Our data suggest that an ongoing immune sensitization process, from EAMG induction to EAMG onset, could contribute to the microbiota imbalance that could be counteracted during the disease course. Furthermore, microbiota analysis suggests that, even if an evident alteration of gut microbiota can be observed at EAMG onset, the administration of bifidobacteria, either vital or heat exposed, could help in restoring the normal gut microbiota balance, as observed in HD animals. However, we cannot exclude that the systemic activation of the immune system, as a consequence of the active TAChR/CFA immunization, could influence the GALT thus playing a crucial, although indirect, role in the gut microbial alterations. Administration of probiotics is not associated to major modification in the most abundant microbiota phyla present in EAMG animals, and more focused studies are necessary to specifically target the bifidobacterium genus, and particularly in relation to the probiotic administration. Moreover, the beneficial effects associated to probiotic administration still deserve proper investigation, due to heterogeneity of metabolic mediators, such as short chain fatty acid (67), produced by the gut flora and involved in the crosstalk between microbiota and the immune system.

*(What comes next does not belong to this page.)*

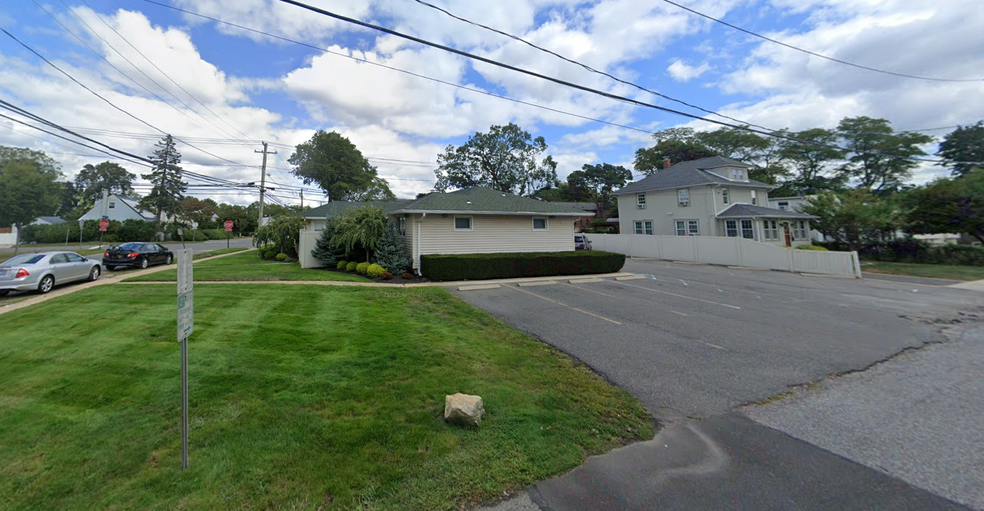 256 4th Ave, Bay Shore, NY for sale - Building Photo - Image 3 of 12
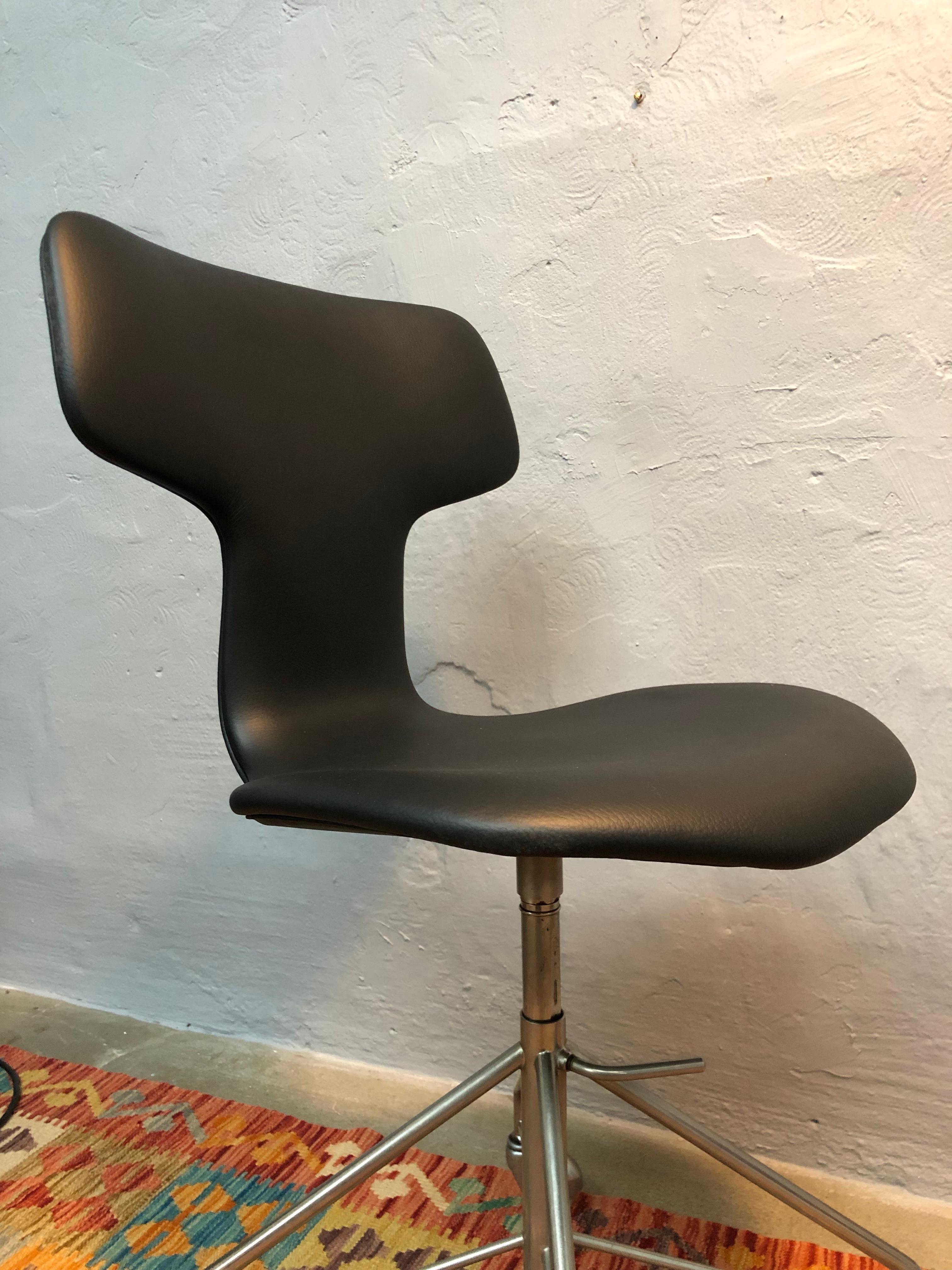 Mid-Century Modern Vintage Arne Jacobsen 3113 Hammer Office Chair For Sale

In conclusion, our study demonstrated that the therapeutic administration of two bifidobacteria probiotic strains induced immunomodulatory effects leading to EAMG amelioration. Furthermore, inactivated probiotic by heat exposure were less effective; in vitro experiments demonstrate that LTA-TLR2 interaction does occur between probiotics and DCs, and TLR2 undergoes a membrane redistribution that could interfere with the formation of the MHC-Ag-TCR complex between DCs and AChR specific T cells; BMDCs exposed to TGFβ alters Tcells motility pattern similar to that observed by bifidobacteria exposed BMDCs. Finally, EAMG induction is associated to an altered gut microbiota, and probiotic intake could contribute to restore the normal microbiota.

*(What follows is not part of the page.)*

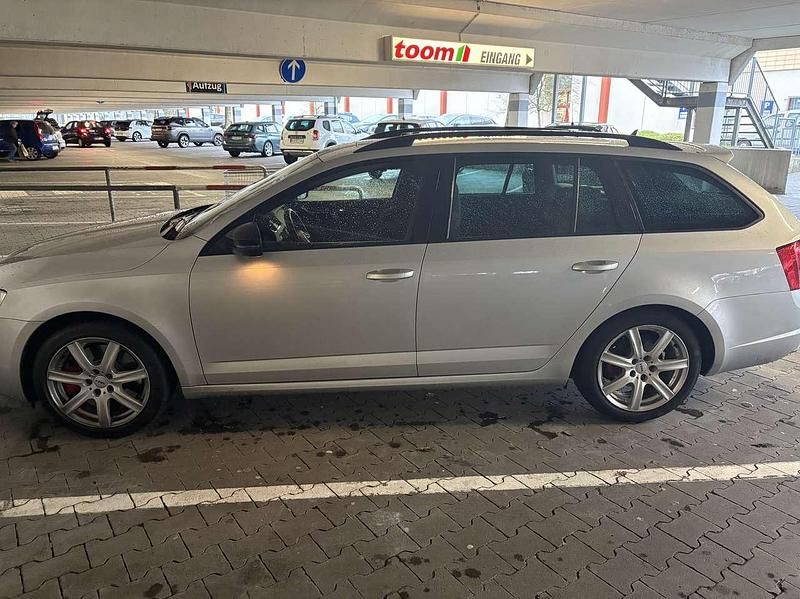Gebraucht Skoda Octavia RS 184 PS (135 kW) 2015 Grau Kombi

In MG, innovative therapies counteracting the altered autoimmune attack and loss of tolerance to AChR, possibly without side effects, are still needed. To reach this aim, the selection and characterization of probiotic strains with immunomodulatory properties could be of relevance for MG and other autoimmune diseases.

Data Availability Statement

The raw data concerning metagenomic analysis and supporting the conclusions of this manuscript will be made available by the authors, without undue reservation, to any qualified researcher.

Ethics Statement

The animal study was reviewed and approved by the Institute Ethical Board and the Italian Ministry of Health (code 1064/2015-PR).

Author Contributions

ER, AC, CCo, GS, and CCr generated the data. ER, AC, AF, CCo, and FB analyzed the data. ER, AC, AF, and FB wrote the manuscript. All authors approved the final manuscript.

Funding

This research was supported by a grant from the Italian Ministry of Health (WFR PE-2011-02346818 to FB); Institutional funds for Annual Preclinical Research and for RC2018—IRCCS Network for Neurosciences and Neurorehabilitation.

Conflict of Interest

ME was employed by company AAT—Advanced Analytical Technologies.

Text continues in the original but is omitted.